Abstract
Sanborn and Chater [1] propose an interesting theory of cognitive and brain function based on Bayesian sampling instead of asymptotic Bayesian inference. Their proposal unifies many current observations and models and, in spite of focusing primarily on cognitive phenomena, their work provides a springboard for unifying several proposed theories of brain function. It has the potential to serve as a bridge between three influential overarching current theories of cognitive and brain function: Bayesian models, Friston’s [2–4] theory of cortical responses based on the free-energy principle, and attractor-basin dynamics [5,6]. Specifically, their proposal suggests a high-level perspective on Friston’s theory, which in turn proposes a sampling procedure including appropriate handling of autocorrelation as well as a plausible neurobiological implementation. In turn, these two theories together link into attractor-basin dynamics at the level of networks (via Friston) as well at the level of behavior (via the relationship between the modes of prior and posterior distributions, as discussed by Sanborn and Chater).

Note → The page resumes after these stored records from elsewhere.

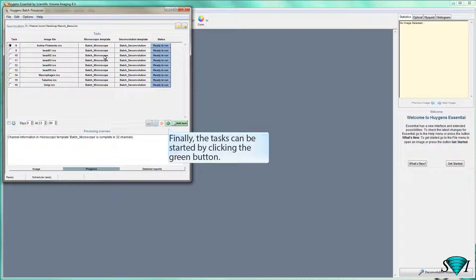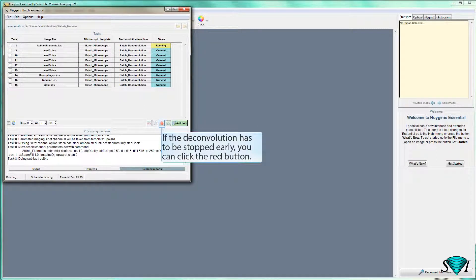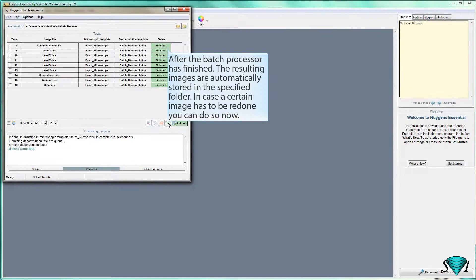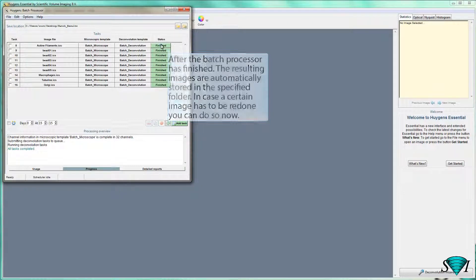Finally, the tasks can be started by clicking the green button. If the deconvolution has to be stopped early, you can click the red button. After the batch processor has finished, the resulting images are automatically stored in the specified folder. In case a certain image has to be redone, you can do so now.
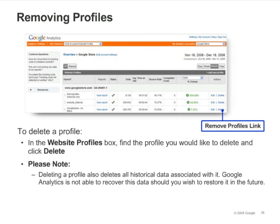To remove a profile, you can simply click the Delete link next to the profile on the Analytics Settings page. You'll need to be an administrator to do this. Be careful that you are deleting the correct profile, because you won't be able to recover the historical data for the profile once it's been deleted.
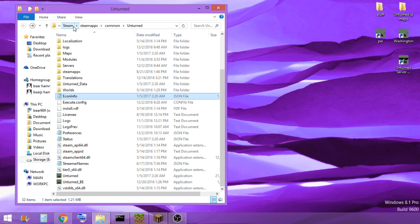Basically, what you need to do is just like in the last one, go to the Steam, Steamapp, Common, Unturned folder, wherever you have that installed.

We will argue here that, by linking Sanborn and Chater’s approach to neurobiological models based on the free-energy principle on the one hand and attractor-basin dynamics on the other, the scope of their proposal can be broadened considerably. Moreover, a unified perspective along these lines provides an elegant solution to several of Sanborn and Chater’s Outstanding Questions relating to the neural implementation of sampling.
Sanborn and Chater briefly touch upon the connection of their work to Friston’s hierarchical model proposal, but only link it rather generally to the broad computational approach he has proposed for the representation and computation of these models in neural wetware [7]. Friston’s other work, however, also describes and models the relationship between behavior and the sampling procedure necessary for active Bayesian inference [8]. This is compatible with the phenomena that Sanborn and Chater describe as ‘warm-up’ tuning. Although Sanborn and Chater perhaps intentionally formulated their proposal in an implementation agnostic way, Friston’s approach fills in the gaps regarding the neural implementation of sampling in an illuminating way that has been used to model a wide range of phenomena [3,4,8,9]. In particular, Friston’s model provides large-scale suggestions – at the level of groups and networks of neurons – of how sampling is implemented (i.e. hierarchical structure [2,7] and active sampling [2]), and suggests that a simplified or indirect probability distribution is used, i.e. free energy as a proxy for model evidence [8]. In this framework, autocorrelation is minimized via the active sampling procedure, but is also effectively handled by the iterative model updates – autocorrelated samples provide little additional information and thus small error signals. They therefore contribute in decreasing amounts to overall model convergence (see Figure 1). This is related to the performance of particle (i.e. Kalman) filters, which Sanborn and Chater also mention.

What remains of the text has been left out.